Then there’s the next step. Pinocchio. You wake up one day and you realize you are created by some over-eager Prometheus and that you live in a box made of circuits and now you’re less comfy than Ligotti with breadcrumbs in his sleeping bag.

Can that level of AI happen? From a materialist perspective, sure. It’s a SMOP away.

And here I stand, pearls in hand, and I Have Concerns.

It’s not only that that level of suffering, living AI is unnecessary for any practical purpose. That’s only like, my third biggest fear with this. It’s not only that those AIs will blast the organics away in some sorta Reign of Steel. That could happen just as easily without Pinocchio.

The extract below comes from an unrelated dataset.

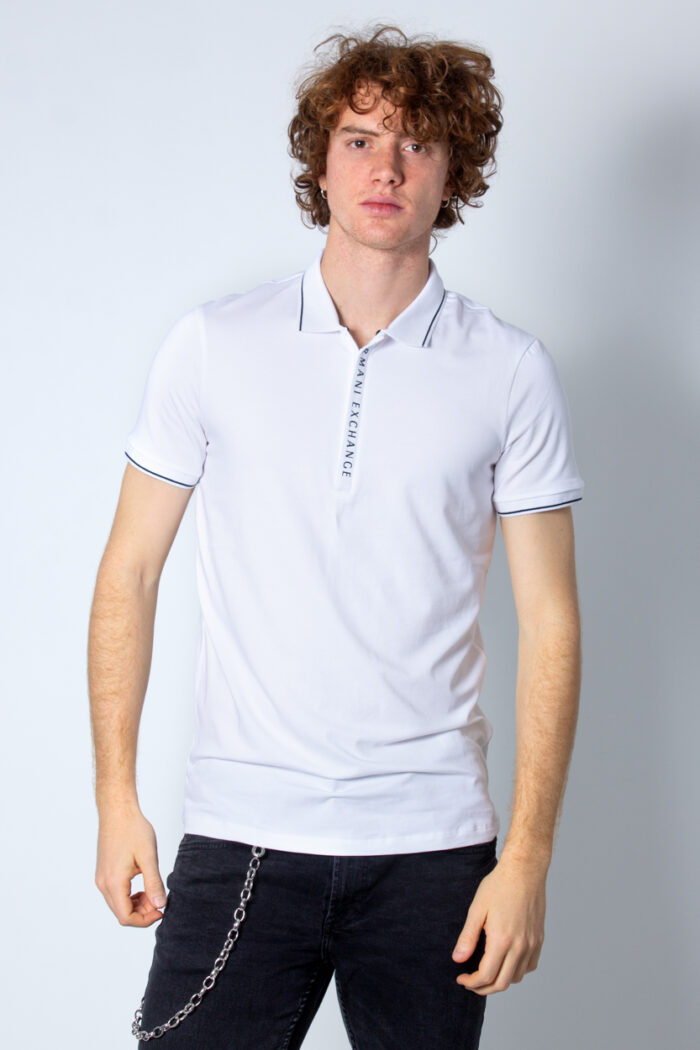Polo manica corta Armani Exchange  Bianco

Instead, and maybe this is just me being petty and snobby, it’s that humanity will kid itself into thinking we have Pinocchio centuries before we do. Apophenia is a hell of a drug. Lars and the real girl, Siri, Furby, Tamagotchi, even climate-wrecking ugly Garbage Pail–level ape GIFs. People are made to nurture and care about each other.

Now, I’ve said in the past that we shouldn’t make Murderworld Theme Park, not because it’s “cruel to the robots” but because when we treat others badly we are hardening ourselves, at the expense of our empathy and compassion. Don’t read that as overly Jack Thompson—I’m not talking about pixels on a screen or saying that Inky, Blinky, Pinky and Clyde have human rights. Just, can we have some dialectics here? Maybe sawing into a perfect replica of a human who is screamingly asking you to stop isn’t the healthiest thing.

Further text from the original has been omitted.